*** Opening of DATA PROVIDED ***

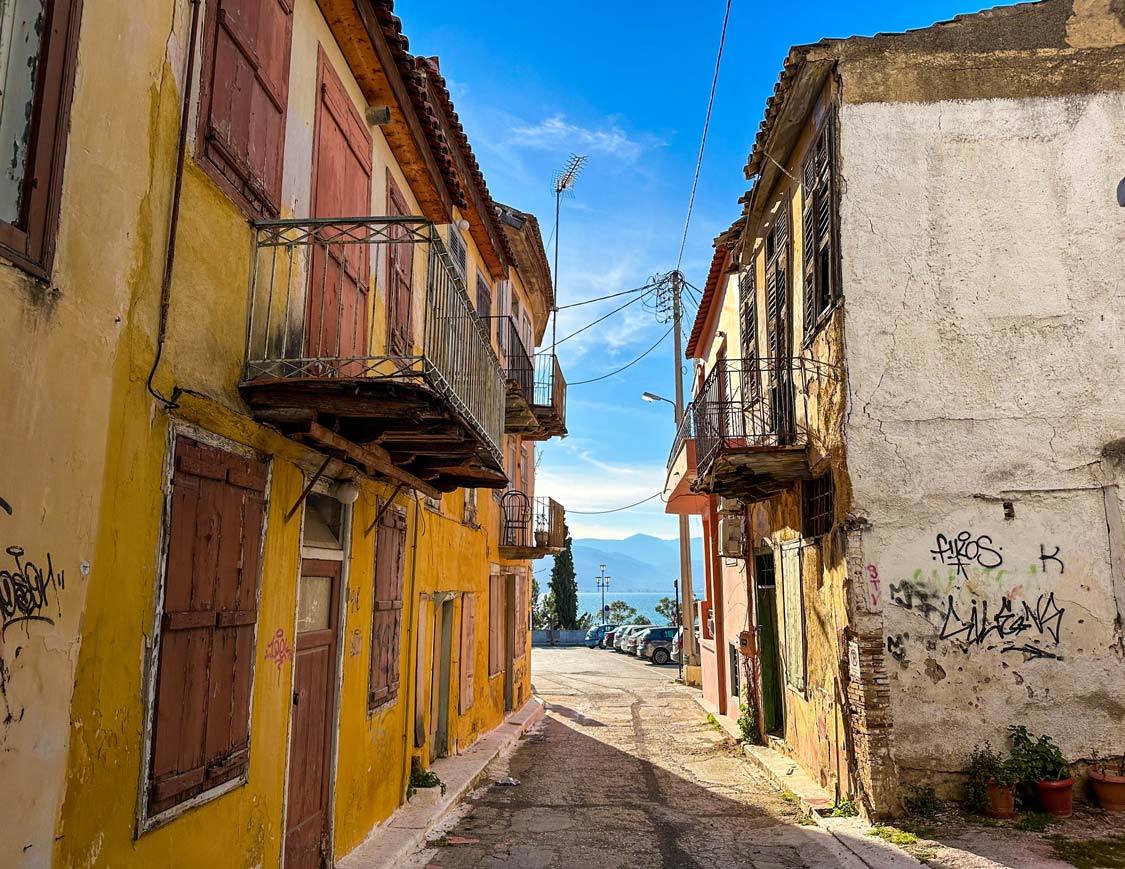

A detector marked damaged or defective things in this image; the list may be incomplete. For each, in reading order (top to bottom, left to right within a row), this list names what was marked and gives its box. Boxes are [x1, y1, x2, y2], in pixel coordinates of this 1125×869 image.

cracked plaster wall [837, 90, 1125, 787]
rusty metal bracket [288, 454, 330, 522]
rusty metal bracket [366, 479, 407, 533]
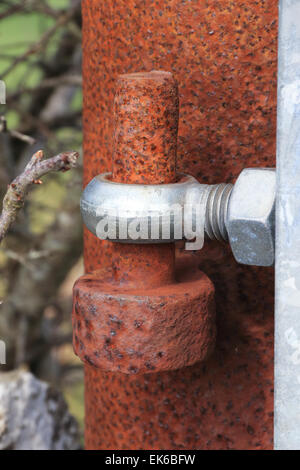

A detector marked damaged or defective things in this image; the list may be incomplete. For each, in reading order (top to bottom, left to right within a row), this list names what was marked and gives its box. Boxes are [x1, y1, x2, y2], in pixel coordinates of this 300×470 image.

rusty metal post [77, 0, 276, 450]
rust on metal [78, 0, 276, 450]
orange rusted surface [79, 0, 276, 448]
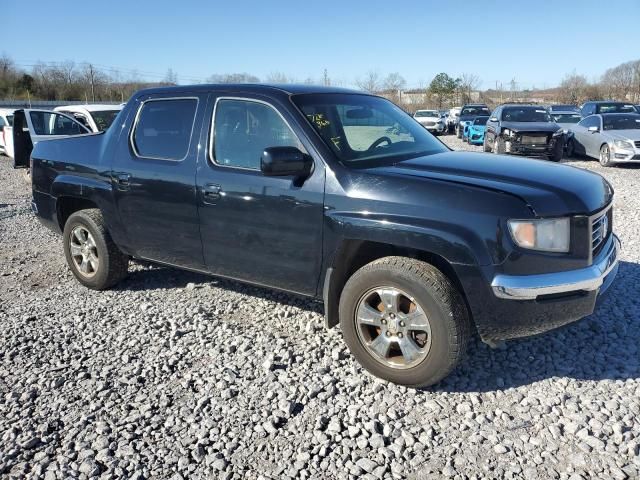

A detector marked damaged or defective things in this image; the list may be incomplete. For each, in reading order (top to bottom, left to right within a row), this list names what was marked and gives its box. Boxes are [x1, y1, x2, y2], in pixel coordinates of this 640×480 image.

damaged vehicle [17, 84, 620, 388]
damaged vehicle [484, 104, 564, 161]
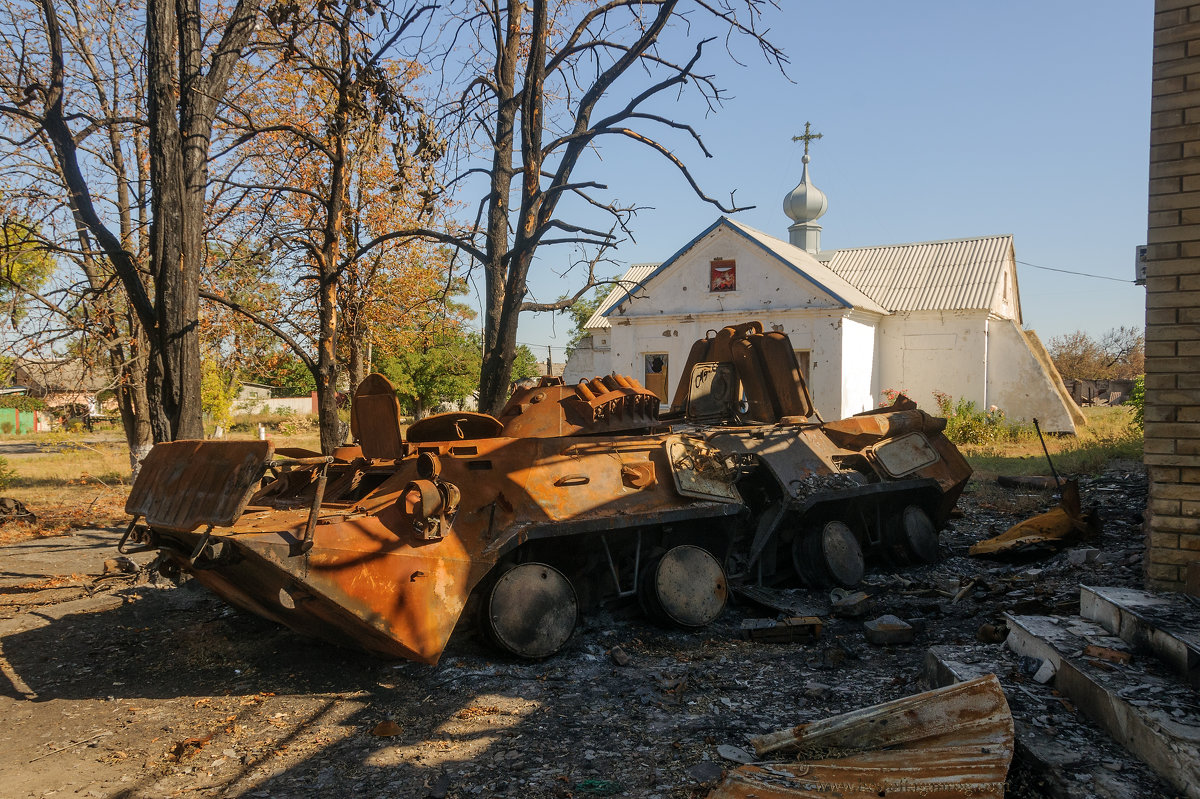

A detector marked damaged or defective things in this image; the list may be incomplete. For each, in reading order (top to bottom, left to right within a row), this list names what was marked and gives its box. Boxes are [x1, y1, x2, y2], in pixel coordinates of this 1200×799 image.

damaged wheel [480, 560, 580, 660]
destroyed armored vehicle [119, 322, 964, 664]
burnt btr [119, 322, 964, 664]
charred wreckage [117, 322, 972, 664]
second destroyed vehicle [122, 322, 972, 664]
damaged wheel [644, 544, 728, 632]
damaged wheel [792, 524, 856, 588]
rusted metal hull [712, 676, 1012, 799]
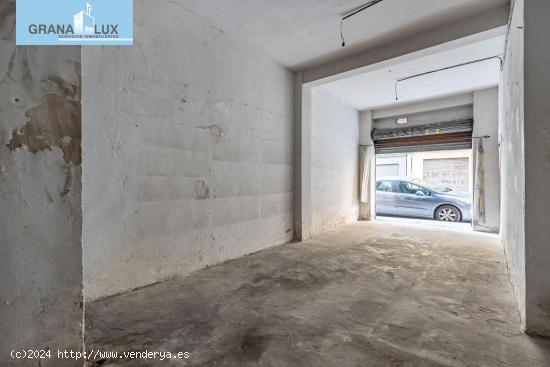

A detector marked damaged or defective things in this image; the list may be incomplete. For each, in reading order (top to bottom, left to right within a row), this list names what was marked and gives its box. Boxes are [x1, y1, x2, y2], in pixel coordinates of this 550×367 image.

peeling wall paint [0, 1, 83, 366]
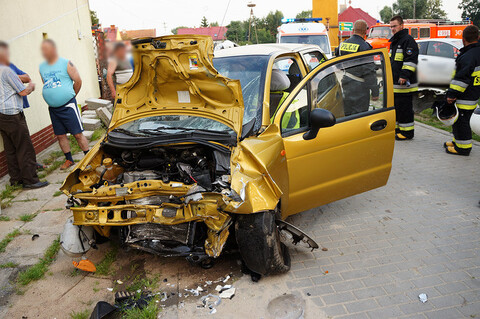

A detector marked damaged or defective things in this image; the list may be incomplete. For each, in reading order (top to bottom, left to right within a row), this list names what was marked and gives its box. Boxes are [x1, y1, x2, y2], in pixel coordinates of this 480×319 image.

shattered windshield [214, 54, 270, 125]
shattered windshield [112, 116, 232, 136]
wrecked yellow car [61, 34, 394, 276]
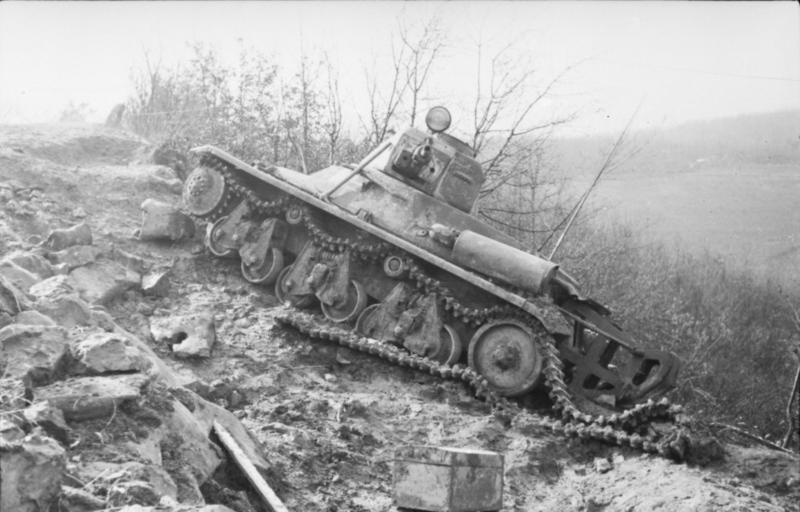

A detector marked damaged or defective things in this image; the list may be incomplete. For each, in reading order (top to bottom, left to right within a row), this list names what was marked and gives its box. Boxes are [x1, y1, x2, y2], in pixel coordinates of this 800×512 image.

broken track link [200, 152, 692, 460]
broken track link [274, 308, 692, 460]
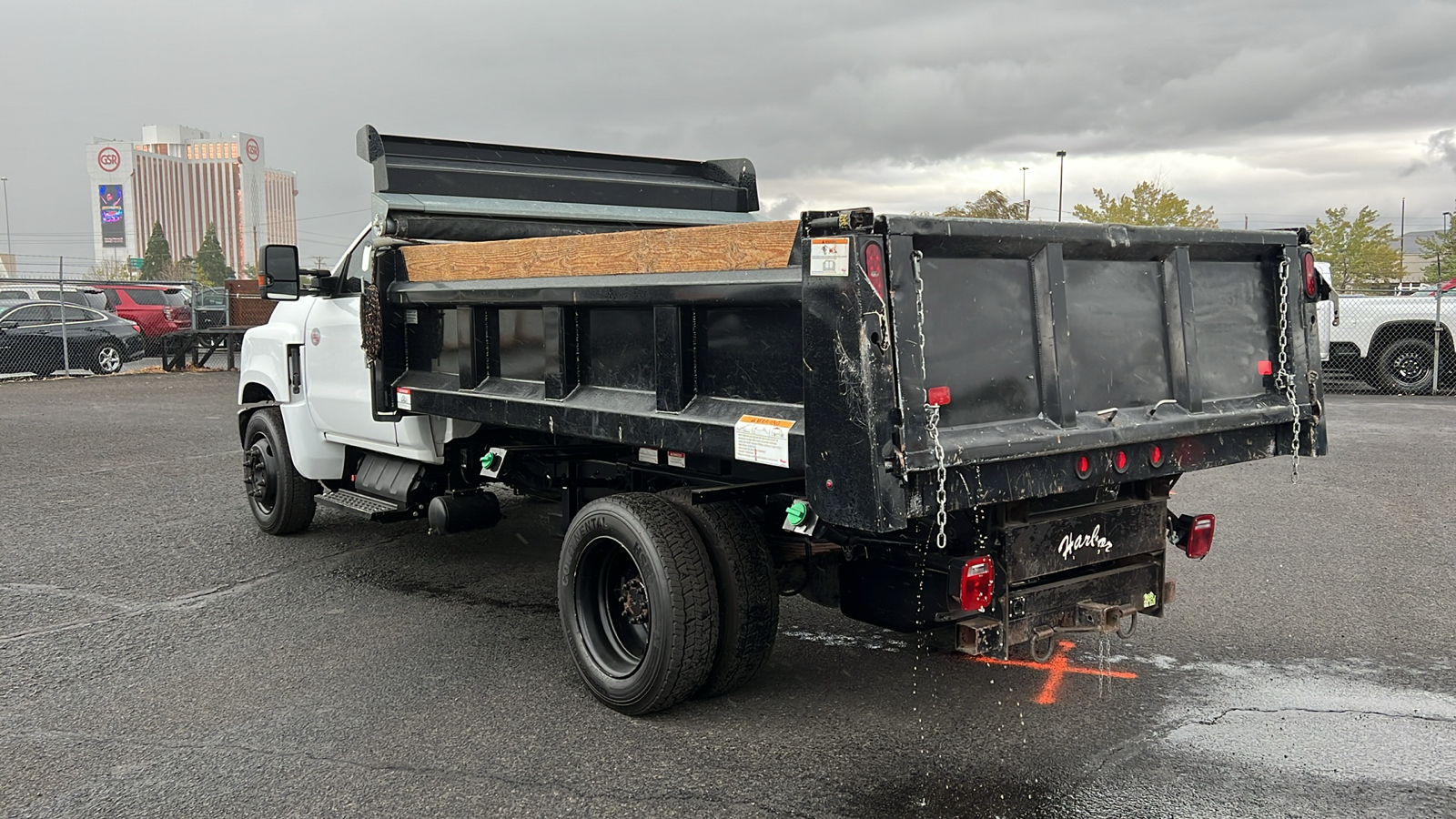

*** Close of DATA PROVIDED ***

**EXERCISE DETAILS:**
All lines from the one containing "this 480×319 image." through the end of the entries above must be given again exactly, with every picture omitted.

**REPLY TO THE TASK:**
A detector marked damaged or defective things in this image; the list may be incomplete. For each, in reading order (top to bottom, left to right within a row), this list names what was marked and gives its box. Boxes are [x1, y1, x2, y2], in pixel coordinates of this 480×319 image.

shattered windshield [214, 54, 270, 125]
shattered windshield [112, 116, 232, 136]
wrecked yellow car [61, 34, 394, 276]

A detector marked damaged or defective things in this image; the list may be incomplete. For each, in reading order (top to bottom, left to right within a row), this list names what was marked and gives its box. Boxes are [x1, y1, x2, y2], in pixel coordinates of this 800×512 image.

broken track link [200, 152, 692, 460]
broken track link [274, 308, 692, 460]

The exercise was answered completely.